3. **Check Data Distribution:**
   - If the data is normally distributed, use parametric tests.
   - If the data is not normally distributed, use non-parametric tests.

4. **Sample Size Considerations:**
   - For small samples, prefer non-parametric tests.
   - For larger samples, parametric tests are generally more powerful.

5. **Run the Appropriate Test in Python:** 
   - Import `scipy.stats` or `statsmodels` depending on the test.
   - Use the appropriate function to conduct the test.

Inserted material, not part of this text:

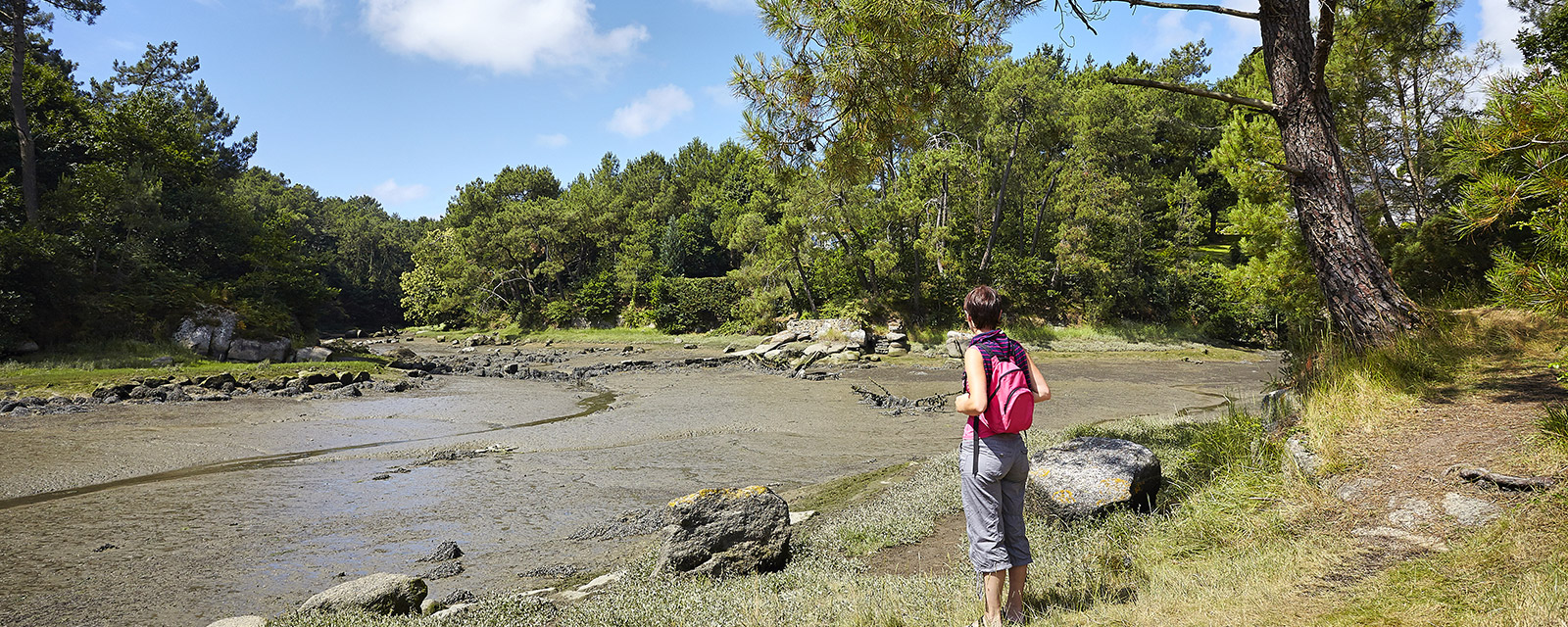 At low tide, some signs remind us of the past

### Example Implementations in Python

1. **One-Sample t-test:**

   ```python
   import scipy.stats as stats

   data = [2.3, 2.5, 2.8, 2.1, 2.7]
   popmean = 2.5
   t_statistic, p_value = stats.ttest_1samp(data, popmean)
   ```

2. **Mann-Whitney U Test:**

   ```python
   import scipy.stats as stats

   data1 = [2.3, 2.5, 2.8, 2.1, 2.7]
   data2 = [3.1, 3.3, 3.2, 3.0, 3.4]
   u_statistic, p_value = stats.mannwhitneyu(data1, data2)
   ```

3. **Chi-Square Test:**

   ```python
   import scipy.stats as stats

   # Contingency table
   table = [[10, 20, 30], [6, 9, 17]]
   chi2, p, dof, expected = stats.chi2_contingency(table)
   ```

By following these steps and using the appropriate tests in Python, you can conduct hypothesis testing accurately and draw meaningful conclusions from your data.